Exercise:
In the entries below, find the line with "545668 Pantalons et", then set it down exactly along with each line after it to the end, skipping any pictures.

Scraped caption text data
——

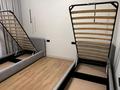 Отдельный дом · 4 комнаты · 180 м² · 6 сот., Байконыр 33 за 165 млн ₸ в Алматы, Наурызбайский р-н — фото 12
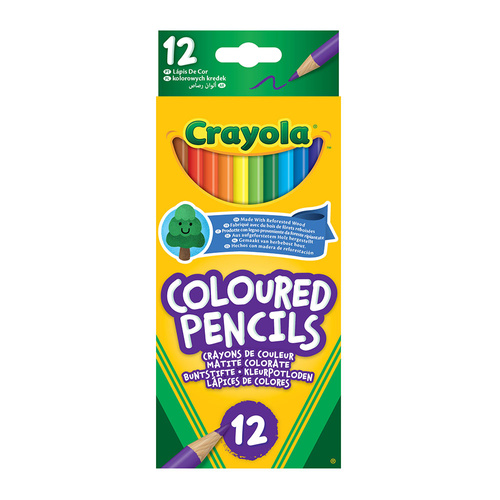 pol_pm_Crayola-Kredki-olowkowe-12-szt-14790_4.jpg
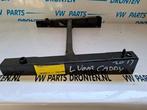 Stoelframe van een Volkswagen Caddy, Gebruikt, -, Volkswagen, -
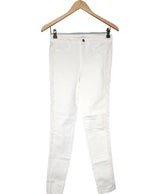 545668 Pantalons et pantacourts LIU JO Occasion Once Again Friperie en ligne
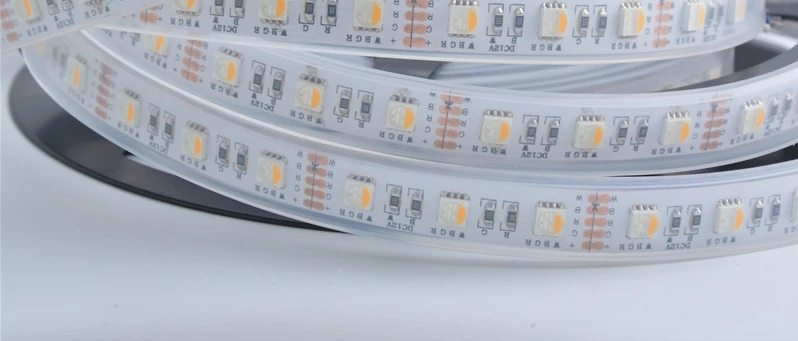 SK6812 RGBW-60-12v-13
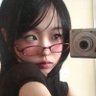 ✶ kiyoko,'s profile picture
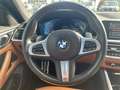 BMW 420 420dA xDrive 190ch M Sport Bleu - thumbnail 6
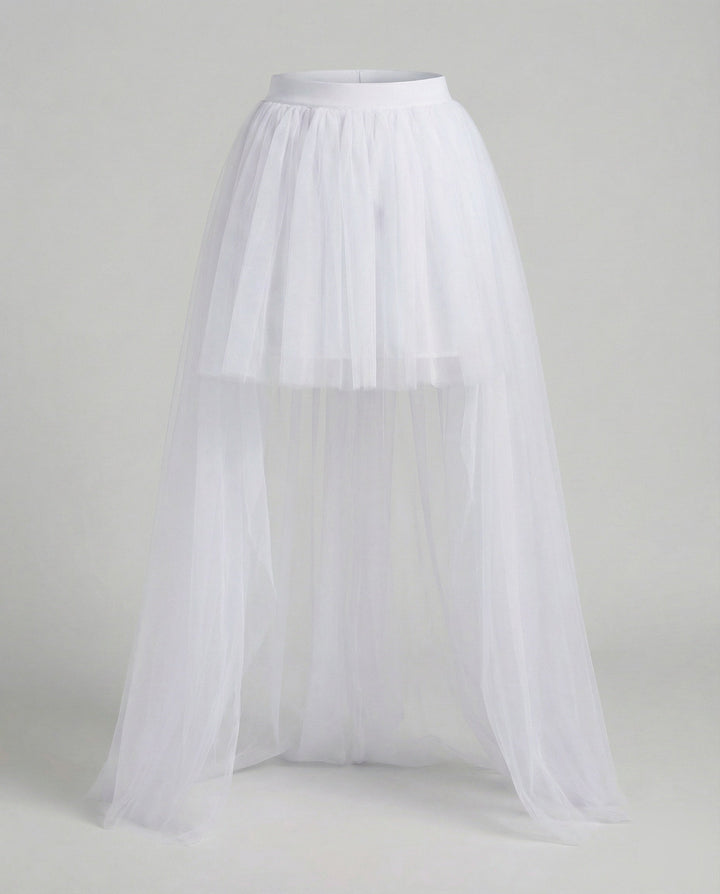 Product 15554197225802 - product_only
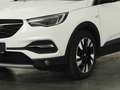 Opel Grandland X ULTIMATE CDTI AT+AHK+NAVI+360 GRAD KAMERA+HIFI+SIT Weiß - thumbnail 25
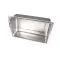 Wells SP2-38722 PAN W/STUDS SS206E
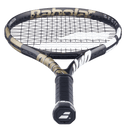 Babolat Pure Drive Wimbledon 2025 (300g)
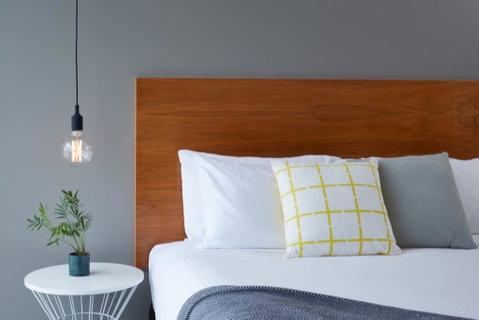 Cosmopolitan Hotel Melbourne - Accommodation Tasmania 0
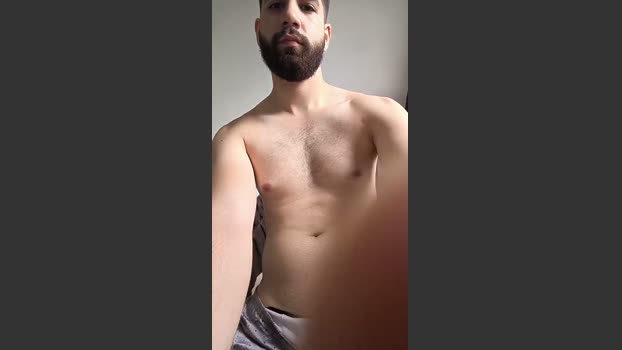 branquinlind1 Naked Webcam SHOW @ Cam4 22-03-2026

——

Output below:
 545668 Pantalons et pantacourts LIU JO Occasion Once Again Friperie en ligne
 SK6812 RGBW-60-12v-13
 ✶ kiyoko,'s profile picture
 BMW 420 420dA xDrive 190ch M Sport Bleu - thumbnail 6
 Product 15554197225802 - product_only
 Opel Grandland X ULTIMATE CDTI AT+AHK+NAVI+360 GRAD KAMERA+HIFI+SIT Weiß - thumbnail 25
 Wells SP2-38722 PAN W/STUDS SS206E
 Babolat Pure Drive Wimbledon 2025 (300g)
 Cosmopolitan Hotel Melbourne - Accommodation Tasmania 0
 branquinlind1 Naked Webcam SHOW @ Cam4 22-03-2026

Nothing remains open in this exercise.